-- ABOUT THIS TASK --
Return every line from the one with "2016 W 100th" through the one with "Pikas Pati Mama", inclusive, exactly as it appears below.

-- DATA FOR THE TASK --
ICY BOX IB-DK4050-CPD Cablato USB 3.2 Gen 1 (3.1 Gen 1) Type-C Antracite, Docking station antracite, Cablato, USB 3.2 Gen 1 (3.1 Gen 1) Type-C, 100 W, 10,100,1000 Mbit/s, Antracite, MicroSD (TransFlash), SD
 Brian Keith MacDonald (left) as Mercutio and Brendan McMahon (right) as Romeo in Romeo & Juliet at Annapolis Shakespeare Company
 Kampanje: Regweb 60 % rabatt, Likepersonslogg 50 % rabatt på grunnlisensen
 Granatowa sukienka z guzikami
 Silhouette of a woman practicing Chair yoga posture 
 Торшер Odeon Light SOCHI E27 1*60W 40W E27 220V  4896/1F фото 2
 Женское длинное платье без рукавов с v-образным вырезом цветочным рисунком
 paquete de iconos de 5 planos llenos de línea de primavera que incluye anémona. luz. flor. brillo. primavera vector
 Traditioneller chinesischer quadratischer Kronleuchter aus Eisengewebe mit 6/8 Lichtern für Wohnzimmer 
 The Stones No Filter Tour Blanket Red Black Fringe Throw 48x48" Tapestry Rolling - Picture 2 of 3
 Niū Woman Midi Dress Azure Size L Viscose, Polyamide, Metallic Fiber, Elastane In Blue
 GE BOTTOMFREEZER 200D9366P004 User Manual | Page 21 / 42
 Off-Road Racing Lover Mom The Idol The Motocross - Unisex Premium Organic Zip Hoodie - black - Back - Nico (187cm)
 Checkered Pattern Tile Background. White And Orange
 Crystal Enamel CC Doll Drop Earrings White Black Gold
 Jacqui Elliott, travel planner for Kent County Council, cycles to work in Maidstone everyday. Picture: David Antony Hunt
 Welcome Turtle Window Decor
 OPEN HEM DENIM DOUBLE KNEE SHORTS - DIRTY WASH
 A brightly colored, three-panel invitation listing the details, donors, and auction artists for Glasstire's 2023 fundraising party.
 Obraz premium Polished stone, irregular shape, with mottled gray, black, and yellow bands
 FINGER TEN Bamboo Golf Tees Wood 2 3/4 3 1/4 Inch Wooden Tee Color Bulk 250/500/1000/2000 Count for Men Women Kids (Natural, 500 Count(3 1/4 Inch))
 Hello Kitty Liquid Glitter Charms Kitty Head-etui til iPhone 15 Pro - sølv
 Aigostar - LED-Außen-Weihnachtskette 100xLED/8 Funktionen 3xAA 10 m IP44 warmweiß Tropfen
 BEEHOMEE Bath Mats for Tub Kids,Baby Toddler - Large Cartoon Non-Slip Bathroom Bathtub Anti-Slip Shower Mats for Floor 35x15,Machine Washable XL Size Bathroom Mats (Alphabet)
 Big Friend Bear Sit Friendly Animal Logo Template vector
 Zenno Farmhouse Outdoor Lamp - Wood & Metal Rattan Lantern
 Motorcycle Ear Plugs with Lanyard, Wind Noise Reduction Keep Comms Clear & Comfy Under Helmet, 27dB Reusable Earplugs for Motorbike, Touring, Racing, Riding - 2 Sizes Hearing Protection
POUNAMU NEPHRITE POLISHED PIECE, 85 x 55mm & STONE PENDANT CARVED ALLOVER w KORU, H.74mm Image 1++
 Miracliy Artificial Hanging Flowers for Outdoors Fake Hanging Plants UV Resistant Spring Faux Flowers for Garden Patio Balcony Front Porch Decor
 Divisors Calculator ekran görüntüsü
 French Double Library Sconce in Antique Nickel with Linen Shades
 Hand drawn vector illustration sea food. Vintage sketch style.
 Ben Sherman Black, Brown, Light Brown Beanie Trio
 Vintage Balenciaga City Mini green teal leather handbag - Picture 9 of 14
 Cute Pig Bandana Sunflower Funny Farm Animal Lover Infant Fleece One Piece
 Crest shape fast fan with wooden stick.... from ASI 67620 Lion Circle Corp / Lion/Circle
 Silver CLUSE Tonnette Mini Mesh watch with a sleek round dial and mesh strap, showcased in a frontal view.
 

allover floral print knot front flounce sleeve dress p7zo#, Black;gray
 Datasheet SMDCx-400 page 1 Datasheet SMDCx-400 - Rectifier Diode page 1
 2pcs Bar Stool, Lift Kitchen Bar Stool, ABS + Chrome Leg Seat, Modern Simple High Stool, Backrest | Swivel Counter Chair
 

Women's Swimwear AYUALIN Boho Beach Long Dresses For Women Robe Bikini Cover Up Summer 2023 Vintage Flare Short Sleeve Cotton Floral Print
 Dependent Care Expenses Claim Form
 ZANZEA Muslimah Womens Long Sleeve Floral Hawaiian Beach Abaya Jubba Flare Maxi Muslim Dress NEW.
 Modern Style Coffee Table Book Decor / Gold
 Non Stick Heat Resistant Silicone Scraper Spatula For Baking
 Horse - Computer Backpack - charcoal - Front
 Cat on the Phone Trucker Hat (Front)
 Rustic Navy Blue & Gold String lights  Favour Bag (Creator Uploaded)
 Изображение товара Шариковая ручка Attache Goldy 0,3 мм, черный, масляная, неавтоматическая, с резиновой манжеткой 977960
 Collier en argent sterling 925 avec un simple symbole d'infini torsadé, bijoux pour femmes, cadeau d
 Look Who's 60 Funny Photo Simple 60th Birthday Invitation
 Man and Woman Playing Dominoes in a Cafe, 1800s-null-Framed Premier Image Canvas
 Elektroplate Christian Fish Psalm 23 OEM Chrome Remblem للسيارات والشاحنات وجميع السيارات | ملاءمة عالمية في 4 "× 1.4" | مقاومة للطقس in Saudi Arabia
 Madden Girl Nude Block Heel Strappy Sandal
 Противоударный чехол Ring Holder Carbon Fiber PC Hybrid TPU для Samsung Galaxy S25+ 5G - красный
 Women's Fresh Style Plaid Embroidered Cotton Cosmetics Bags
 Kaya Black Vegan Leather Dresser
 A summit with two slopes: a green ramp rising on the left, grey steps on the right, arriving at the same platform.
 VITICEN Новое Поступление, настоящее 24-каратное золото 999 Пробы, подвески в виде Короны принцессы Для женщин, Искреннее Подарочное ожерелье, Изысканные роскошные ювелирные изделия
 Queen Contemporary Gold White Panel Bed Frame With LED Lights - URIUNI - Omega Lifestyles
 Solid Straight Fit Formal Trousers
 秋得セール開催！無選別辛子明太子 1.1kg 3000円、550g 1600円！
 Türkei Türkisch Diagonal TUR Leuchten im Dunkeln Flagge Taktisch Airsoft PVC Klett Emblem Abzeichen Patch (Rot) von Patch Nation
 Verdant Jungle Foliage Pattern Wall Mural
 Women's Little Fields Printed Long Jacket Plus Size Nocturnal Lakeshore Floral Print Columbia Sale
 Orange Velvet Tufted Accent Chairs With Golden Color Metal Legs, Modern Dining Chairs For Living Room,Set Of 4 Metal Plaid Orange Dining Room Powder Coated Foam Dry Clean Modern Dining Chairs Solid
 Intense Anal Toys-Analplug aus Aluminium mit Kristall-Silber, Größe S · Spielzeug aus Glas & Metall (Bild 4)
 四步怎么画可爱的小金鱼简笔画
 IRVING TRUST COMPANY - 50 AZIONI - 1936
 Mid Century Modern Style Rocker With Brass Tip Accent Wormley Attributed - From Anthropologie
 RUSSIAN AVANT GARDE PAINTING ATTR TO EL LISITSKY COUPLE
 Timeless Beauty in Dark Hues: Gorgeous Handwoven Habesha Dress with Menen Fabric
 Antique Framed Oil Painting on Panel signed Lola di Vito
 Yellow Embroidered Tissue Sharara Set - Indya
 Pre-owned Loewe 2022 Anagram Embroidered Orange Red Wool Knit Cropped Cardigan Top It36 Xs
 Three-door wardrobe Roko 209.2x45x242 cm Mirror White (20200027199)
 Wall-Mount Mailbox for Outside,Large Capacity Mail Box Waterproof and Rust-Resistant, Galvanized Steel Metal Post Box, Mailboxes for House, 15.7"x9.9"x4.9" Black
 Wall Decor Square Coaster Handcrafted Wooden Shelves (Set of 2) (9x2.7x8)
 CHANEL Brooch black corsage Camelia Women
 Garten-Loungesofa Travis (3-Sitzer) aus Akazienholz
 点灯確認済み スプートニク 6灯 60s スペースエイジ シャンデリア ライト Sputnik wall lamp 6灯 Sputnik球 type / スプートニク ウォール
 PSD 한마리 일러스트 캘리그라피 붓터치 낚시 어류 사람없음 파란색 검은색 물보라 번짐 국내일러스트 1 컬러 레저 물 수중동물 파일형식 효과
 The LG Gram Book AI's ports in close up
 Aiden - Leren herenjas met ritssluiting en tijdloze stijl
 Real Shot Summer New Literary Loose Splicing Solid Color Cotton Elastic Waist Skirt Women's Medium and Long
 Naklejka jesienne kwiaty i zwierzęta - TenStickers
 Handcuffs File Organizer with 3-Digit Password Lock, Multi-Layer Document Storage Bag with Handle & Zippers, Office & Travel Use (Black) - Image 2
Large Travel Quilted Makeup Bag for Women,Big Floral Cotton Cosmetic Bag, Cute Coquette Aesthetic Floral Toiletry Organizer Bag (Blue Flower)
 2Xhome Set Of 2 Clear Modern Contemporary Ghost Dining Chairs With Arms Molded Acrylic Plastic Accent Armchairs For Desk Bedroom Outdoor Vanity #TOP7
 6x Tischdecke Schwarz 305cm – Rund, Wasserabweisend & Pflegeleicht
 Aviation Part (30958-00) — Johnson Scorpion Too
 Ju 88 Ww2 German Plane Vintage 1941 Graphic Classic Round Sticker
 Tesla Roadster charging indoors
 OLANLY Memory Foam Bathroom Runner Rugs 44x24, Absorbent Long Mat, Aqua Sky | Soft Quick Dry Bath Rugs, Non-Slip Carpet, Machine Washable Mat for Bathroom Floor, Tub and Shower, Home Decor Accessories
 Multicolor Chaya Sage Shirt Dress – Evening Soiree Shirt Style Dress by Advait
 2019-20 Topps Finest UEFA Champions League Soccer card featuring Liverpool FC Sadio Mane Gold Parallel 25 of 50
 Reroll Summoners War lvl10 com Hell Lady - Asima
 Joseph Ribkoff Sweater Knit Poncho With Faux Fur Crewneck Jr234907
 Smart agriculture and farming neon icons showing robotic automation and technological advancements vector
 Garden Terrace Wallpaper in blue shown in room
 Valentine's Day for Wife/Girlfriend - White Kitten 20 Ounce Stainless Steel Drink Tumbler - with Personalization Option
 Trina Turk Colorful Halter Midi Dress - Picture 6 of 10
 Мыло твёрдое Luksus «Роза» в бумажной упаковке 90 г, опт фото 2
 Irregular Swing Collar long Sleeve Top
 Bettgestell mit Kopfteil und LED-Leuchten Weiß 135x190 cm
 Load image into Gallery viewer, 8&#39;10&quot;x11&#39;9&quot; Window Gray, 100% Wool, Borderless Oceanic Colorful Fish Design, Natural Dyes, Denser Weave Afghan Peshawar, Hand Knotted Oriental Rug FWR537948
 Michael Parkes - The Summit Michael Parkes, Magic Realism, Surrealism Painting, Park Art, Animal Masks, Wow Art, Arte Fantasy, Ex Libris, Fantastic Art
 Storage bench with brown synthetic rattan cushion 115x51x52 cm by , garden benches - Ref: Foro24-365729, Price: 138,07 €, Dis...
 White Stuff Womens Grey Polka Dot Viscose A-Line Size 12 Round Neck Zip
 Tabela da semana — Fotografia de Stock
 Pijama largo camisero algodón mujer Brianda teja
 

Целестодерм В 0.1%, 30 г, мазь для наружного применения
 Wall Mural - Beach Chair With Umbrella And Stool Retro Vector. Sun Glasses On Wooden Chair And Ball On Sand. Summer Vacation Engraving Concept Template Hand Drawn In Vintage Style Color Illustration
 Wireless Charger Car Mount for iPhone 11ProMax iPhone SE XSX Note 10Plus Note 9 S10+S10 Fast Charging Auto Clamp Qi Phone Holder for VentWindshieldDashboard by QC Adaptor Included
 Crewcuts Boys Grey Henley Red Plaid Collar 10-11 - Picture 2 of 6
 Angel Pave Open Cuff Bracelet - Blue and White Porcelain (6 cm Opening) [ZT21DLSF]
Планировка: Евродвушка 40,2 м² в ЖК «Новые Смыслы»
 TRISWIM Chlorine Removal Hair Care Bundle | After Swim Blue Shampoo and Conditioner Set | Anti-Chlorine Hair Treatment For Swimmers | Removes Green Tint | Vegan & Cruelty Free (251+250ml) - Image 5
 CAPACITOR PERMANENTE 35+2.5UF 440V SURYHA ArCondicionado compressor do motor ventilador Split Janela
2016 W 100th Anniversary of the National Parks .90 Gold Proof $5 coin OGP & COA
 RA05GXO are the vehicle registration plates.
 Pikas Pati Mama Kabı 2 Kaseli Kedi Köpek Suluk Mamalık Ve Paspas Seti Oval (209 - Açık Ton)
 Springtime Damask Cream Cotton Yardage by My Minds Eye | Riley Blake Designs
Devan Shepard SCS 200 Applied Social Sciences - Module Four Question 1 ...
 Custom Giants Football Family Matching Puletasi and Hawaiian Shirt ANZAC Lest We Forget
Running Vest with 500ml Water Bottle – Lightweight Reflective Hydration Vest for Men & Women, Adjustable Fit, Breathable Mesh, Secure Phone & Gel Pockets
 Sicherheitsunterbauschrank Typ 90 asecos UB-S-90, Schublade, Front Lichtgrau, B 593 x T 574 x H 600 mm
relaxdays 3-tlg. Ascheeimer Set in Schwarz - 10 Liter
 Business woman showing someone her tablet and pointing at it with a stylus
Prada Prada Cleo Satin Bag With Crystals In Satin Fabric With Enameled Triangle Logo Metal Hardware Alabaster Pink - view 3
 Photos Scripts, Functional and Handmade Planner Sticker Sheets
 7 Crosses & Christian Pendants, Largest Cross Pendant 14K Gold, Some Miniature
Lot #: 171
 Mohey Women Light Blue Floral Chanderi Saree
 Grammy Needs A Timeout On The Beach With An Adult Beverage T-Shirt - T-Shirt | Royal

-- THE ANSWER --
2016 W 100th Anniversary of the National Parks .90 Gold Proof $5 coin OGP & COA
 RA05GXO are the vehicle registration plates.
 Pikas Pati Mama Kabı 2 Kaseli Kedi Köpek Suluk Mamalık Ve Paspas Seti Oval (209 - Açık Ton)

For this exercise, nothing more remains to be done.